Nella notte tra il 24 ed il 25 marzo sono certo di aver vissuto “l’apice più intenso ed acuto di pessimismo emotivo, umano, cosmico, universale mai raggiunto” (come da mio diario). i motivi scatenanti mi sono noti, e così le premesse filosofiche: questa esistenza individuale di autocoscienza che si protrarrà in altri modi e forme per tutta una serie di cicli infiniti (la novitazione), infiniti di (auto)coscienze personali slegate le une dalle altre, che vivranno e patiranno perennemente come è nella natura non umana ma universale, rinchiudendoci irrimediabilmente in una gabbia tragica da cui non sarà possibile scappare, impossibile sottrarvisi se non per brevi momenti di sospensione della coscienza (il sonno, oppure la pausa tra una esistenza e l’altra, come spiegato in oltre la novitazione) – ma comunque intrappolati, sepolti vivi: una tale angoscia, un tale senso di impotenza, di condanna, di moritificazione di mente e spirito da azzerarmi per tutto il prosieguo della notte insonne, e della mattinata lavorativa vissuta da vegetale. Finché, mentre tornavo a casa guidando tra curve note e spesso foriere di intuizioni, ho avuto questo sorta di oscura illuminazione: è vero, questa mia asserzione è logicamente inattaccabile – dal mio punto di vista: è la mia verità filosofica inappuntabile ed inappellabile. Ma, in un universo infinito – che è la premessa di ogni mio ragionamento e di ogni mia conclusione – possono esistere altrettante infinite verità, uguali e contrarie alla mia. E cosa mai mi assicura che la mia sia la verità che prevalga sulle altre? Uno fratto infinito?

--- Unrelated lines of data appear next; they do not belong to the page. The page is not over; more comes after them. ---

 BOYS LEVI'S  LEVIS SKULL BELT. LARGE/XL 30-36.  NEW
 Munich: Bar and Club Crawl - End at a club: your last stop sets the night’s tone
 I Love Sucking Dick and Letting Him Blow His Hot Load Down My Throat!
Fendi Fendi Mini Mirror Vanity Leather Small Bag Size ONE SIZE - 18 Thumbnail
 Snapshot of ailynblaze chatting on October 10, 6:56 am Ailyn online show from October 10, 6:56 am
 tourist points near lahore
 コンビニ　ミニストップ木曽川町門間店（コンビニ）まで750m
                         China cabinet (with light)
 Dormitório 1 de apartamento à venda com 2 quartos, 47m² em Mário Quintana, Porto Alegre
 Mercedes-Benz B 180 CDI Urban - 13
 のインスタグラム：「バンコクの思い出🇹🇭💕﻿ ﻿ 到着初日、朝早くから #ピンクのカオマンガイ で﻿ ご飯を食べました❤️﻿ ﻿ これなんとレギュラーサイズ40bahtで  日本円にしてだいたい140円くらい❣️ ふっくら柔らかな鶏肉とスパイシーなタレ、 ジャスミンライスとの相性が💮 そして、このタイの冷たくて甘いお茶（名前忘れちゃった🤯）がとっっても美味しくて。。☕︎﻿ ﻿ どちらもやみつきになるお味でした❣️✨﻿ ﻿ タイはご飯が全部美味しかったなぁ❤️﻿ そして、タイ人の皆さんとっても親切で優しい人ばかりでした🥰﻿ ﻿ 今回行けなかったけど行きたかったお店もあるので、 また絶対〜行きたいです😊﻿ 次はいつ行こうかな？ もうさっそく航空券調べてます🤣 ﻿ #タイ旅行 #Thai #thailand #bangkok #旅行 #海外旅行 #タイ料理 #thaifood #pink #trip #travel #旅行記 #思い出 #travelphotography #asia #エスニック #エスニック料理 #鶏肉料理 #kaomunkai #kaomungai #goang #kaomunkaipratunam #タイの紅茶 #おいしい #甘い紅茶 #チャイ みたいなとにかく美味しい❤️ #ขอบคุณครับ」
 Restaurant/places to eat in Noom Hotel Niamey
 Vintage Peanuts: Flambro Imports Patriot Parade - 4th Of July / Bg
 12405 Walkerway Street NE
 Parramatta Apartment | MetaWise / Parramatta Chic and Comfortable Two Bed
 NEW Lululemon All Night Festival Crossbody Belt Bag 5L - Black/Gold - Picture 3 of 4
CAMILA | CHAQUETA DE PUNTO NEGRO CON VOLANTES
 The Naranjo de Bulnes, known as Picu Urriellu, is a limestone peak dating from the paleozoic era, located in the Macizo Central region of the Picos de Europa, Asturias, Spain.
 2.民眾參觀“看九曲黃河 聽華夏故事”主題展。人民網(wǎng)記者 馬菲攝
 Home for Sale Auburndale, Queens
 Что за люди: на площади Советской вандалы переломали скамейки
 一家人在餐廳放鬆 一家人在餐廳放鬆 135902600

Quindi, con un giochetto mentale che mi pone ad una dimensione surreale della storia (mi tengo stretta la mia verità, sapendo che ha probabilità di veridicità pari a zero, senza sapere se sperare che ciò sia un bene od un male – laddove un’altra verità non sia addirittura peggiore della mia – vortici filosofici da apnea), ho superato brevemente angoscia ed attacchi di panico. Ed a questo punto, restando inalterata la preferibilità senza condizioni del non nascere proprio (ennesimo paradosso: perché solo nascendo, e premesso che la non nascita è impossibile perché, come da novitazione – la non esistenza non esiste, dicevo solo nascendo si può in coscienza preferire il non nascere) ne sorge un altro che si appiglia disperato ma ridente a quella sorta di oscura illuminazione: che io possa ritrovarmi in una situazione di cosciente non esistenza preferendola, come da logica del tutto, a qualunque tipo di altra infinita e cosciente esistenza. Si tratta di una ennesima opzione mentale paradossale che per logica, e volontà, non è possibile escludere a priori, in un universo di infiniti universi inimmaginabili.

Rivoltandone gli abissi in cui mi ficcai in una notte rivoltante.